У нее не сложилась жизнь в принятом понимании этого слова. Муж оказался подлецом, и она одна подняла двоих сыновей. Затем старший отпрыск подкинул ей сыночка, потому что его жена, как в классическом романе, бежала с каким-то кавалером на край света. И француженка работала и работала – на две ставки. А если часов не хватало, то и в других школах подрабатывала. Мне нравился ее оптимизм вперемешку с дифирамбами французским нарративам: «Всегда восторженная речь, и кудри черные до плеч». Где встретишь подобное?
И вот пролетело много лет (снова как в классическом романе). Сидим в кафе. Она немного посеревшая, грустная. Говорит, что ей удалось накопить деньги на поездку в Париж. Съездила. Мечта осуществилась. А теперь сидит в эльмашевской забегаловке, пьет кофе и воображает себя на парижской набережной.
Париж не прибавил ей сил. Он убавил их. Переводит взгляд с чашки на стенку. Говорит, говорит, говорит.
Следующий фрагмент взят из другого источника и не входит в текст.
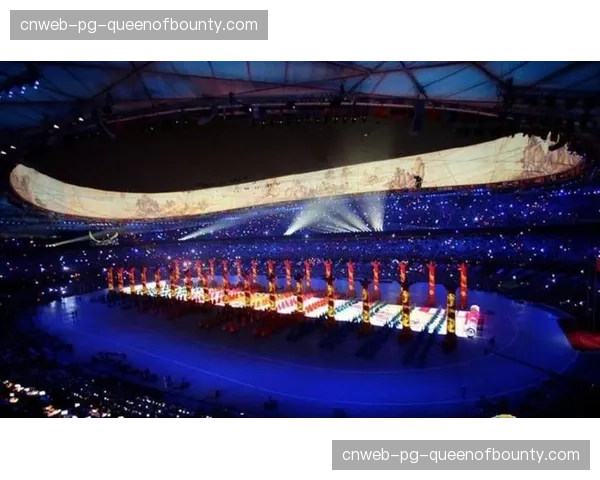 历史回顾：十年前，莱斯特城奇迹夺冠的那个春天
Что у нее нет внутреннего стержня, и не было. Что она прожила лучшие годы в плену у стереотипов, что не смогла вырваться из привычных жизненных связей. А если проще выразиться, то «среда заела». «Погибла жизнь», - как сказал бы чеховский дядя Ваня. И еще: дети выросли, как и внук. Отдала себя им. По-матерински и по-христиански безупречно. А по-человечески? Просто по-человечески? Она кинула мне в лицо этот вопрос, вскочила и ушла. И не попрощалась.
Человеческий феномен зависит от самосозидания, - так писал Мераб Мамардашвили. А еще он говорил, что в нас есть антиномии: между пониманием и непониманием, между жизнью и смертью, между духом и телом, между мечтой и тусклой действительностью, которые мы в течение пребывания на земле пытаемся разрешить, чтобы достигнуть исполненности жизни. А она, видимо, не смогла «снять» свою антиномию. Увидела Париж, и душа подкосилась.